Gross and disposable household incomes fell in 2009 as higher taxes and growing unemployment took their toll, the survey shows. However, poverty levels remained stable as social welfare payments increased during the period.
Children and lone parent households are the groups most vulnerable to poverty, according to the report, published yesterday.
The gross household income last year was €56,522, down 6.7 per cent; disposable income was almost €46,000, down 6.3 per cent.
Some 14.1 per cent of the population were at risk of poverty last year, compared to 14.4 per cent in 2008. The decline is not considered statistically significant.

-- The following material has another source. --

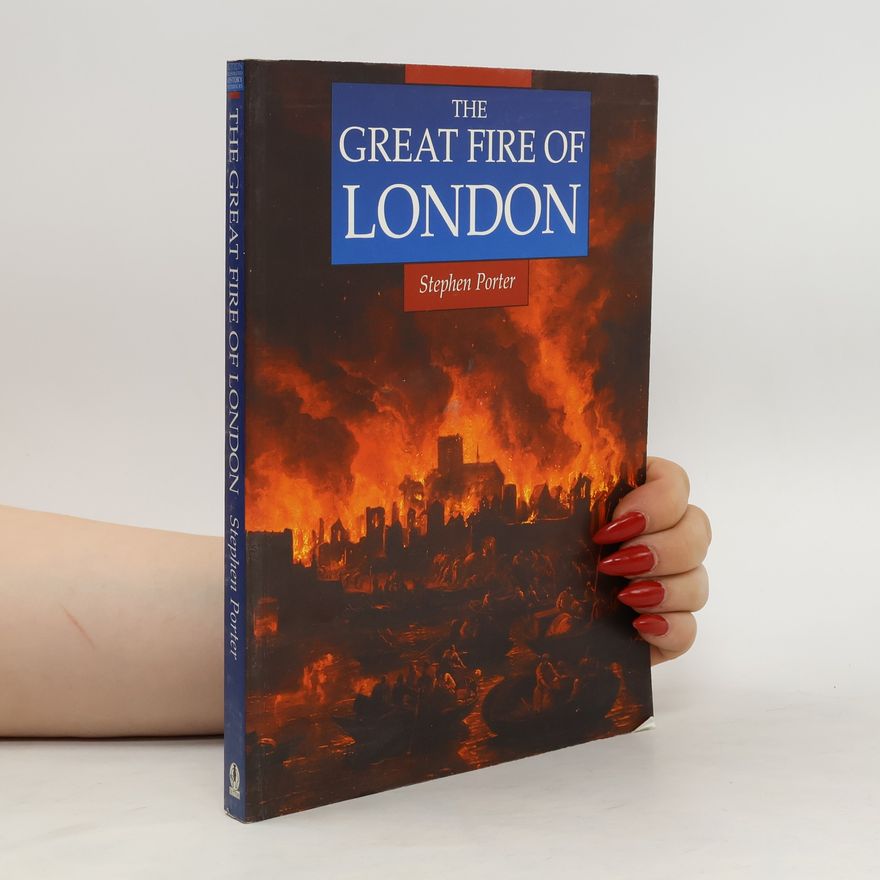 Stephen Porter The Great Fire of London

The “at risk of poverty” rate for children was also unchanged, at 18.6 per cent, as was the worst affected group, lone-parent households, where 35.5 per cent were at risk of poverty.

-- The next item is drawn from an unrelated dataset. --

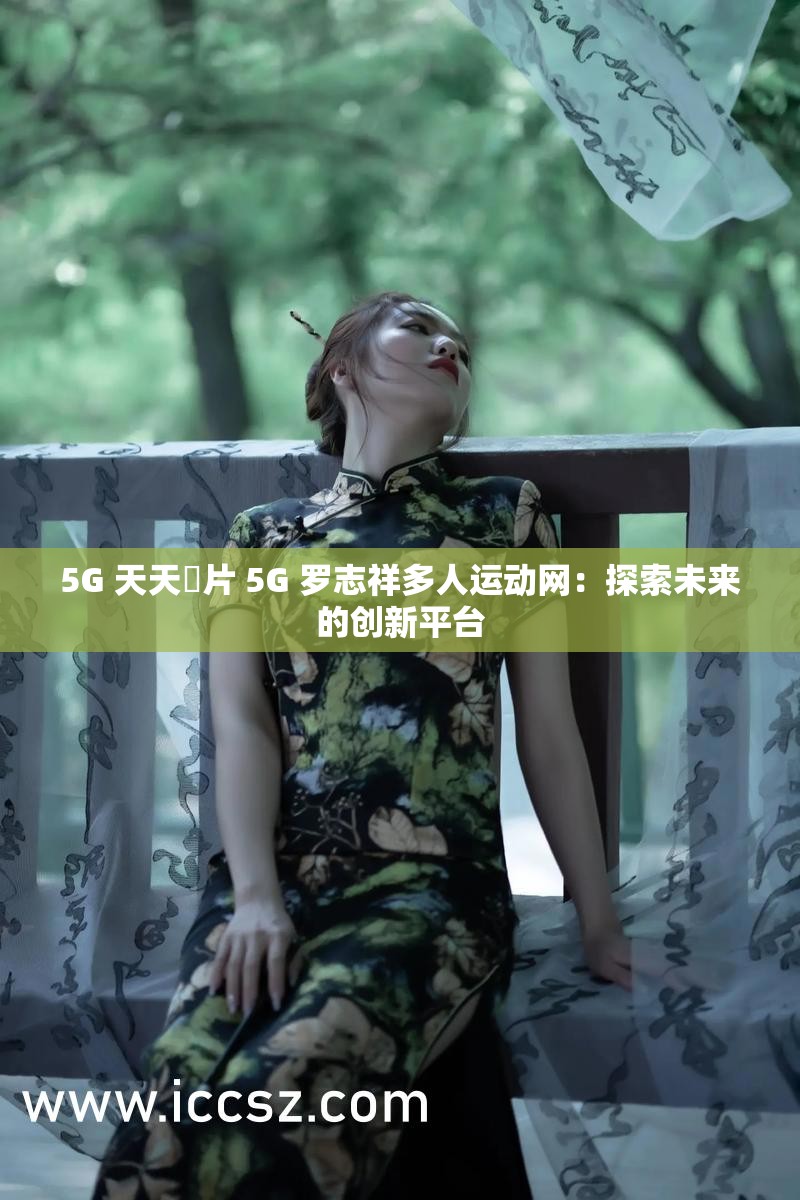 5G 天天奭片 5G 罗志祥多人运动网：探索未来的创新平台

The survey shows households are increasingly dependent on State payments.
Some 27 per cent of household income came from social transfers, such as unemployment benefit, disability benefit or children’s allowance, up from 22 per cent in 2008.
Not surprisingly, State payments loom larger in importance in poorer families. They account for 91 per cent of income in the lowest-earning 10 per cent of the population. However, even in the highest earning 10 per cent, they account for almost 10 per cent of income.

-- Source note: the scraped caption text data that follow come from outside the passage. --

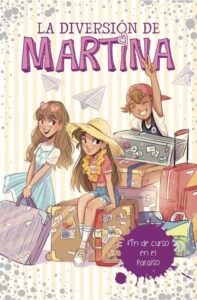 Portada FIN DE CURSO EN EL PARAÍSO (LA DIVERSIÓN DE MARTINA 4) - MARTINA D'ANTIOCHIA - MONTENA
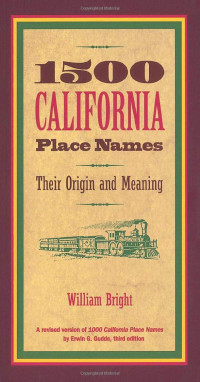 William Bright — 1500 California Place Names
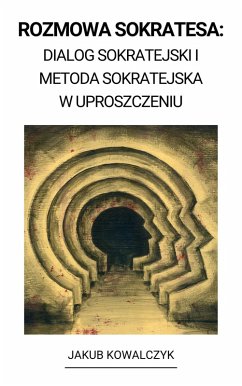 Rozmowa Sokratesa: Dialog Sokratejski i Metoda Sokratejska w Uproszczeniu (eBook, ePUB) - Kowalczyk, Jakub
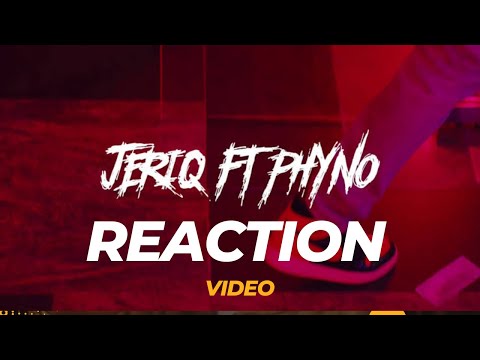 Jeriq ft phyno - My bro | Reaction video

Older people also rely heavily on State payments. The poverty rate among over-65s was under 10 per cent, but when social transfers are excluded, this figure rises to 88 per cent.
Poverty is lowest among older people living alone (less than 10 per cent).
By region, it is highest in the Midlands (23.5 per cent) and lowest in Dublin (8.3 per cent). Rural poverty rates stood at 17.8 per cent, compared to 11.8 per cent in urban areas.
The richest 10 per cent saw almost 30 per cent of gross income go on tax and social insurance contributions, while the poorest 10 per cent contributed 1 per cent of their income in this way.
Just over 24 per cent of households were in arrears with mortgage payments, utility bills or other loans or bills; this compares to just 10 per cent in 2008. Among those at risk at poverty, the proportion of people in arrears rises to one-third, up from 20 per cent in 2008.
One in 10 households was behind on gas or electricity bills, and one in 20 was in arrears on the rent or mortgage. Only half of those surveyed said they would be able to meet an unexpected expense of about €1,000 without borrowing.
The CSO also measures deprivation, or the inability of people to afford basic goods.
The survey shows the deprivation rate rose to 17.3 per cent last year, up from 13.8 per cent in 2008. The two items people reported being most deprived of were the replacement of worn-out furniture and being able to afford to go out in the preceding fortnight.
Compared to other members of the EU, Ireland’s poverty rate is slightly below average. In 2008, the “at risk of poverty” rate in the EU was 16.5 per cent; the equivalent rate for Ireland was 15.5 per cent.
This ranked us 13th in the 27-member EU. Latvia recorded the highest rate, while the Czech Republic had the lowest.
The at risk of poverty rate is based on income and household composition and is calculated as the percentage of people with an income less than 60 per cent of the national median income.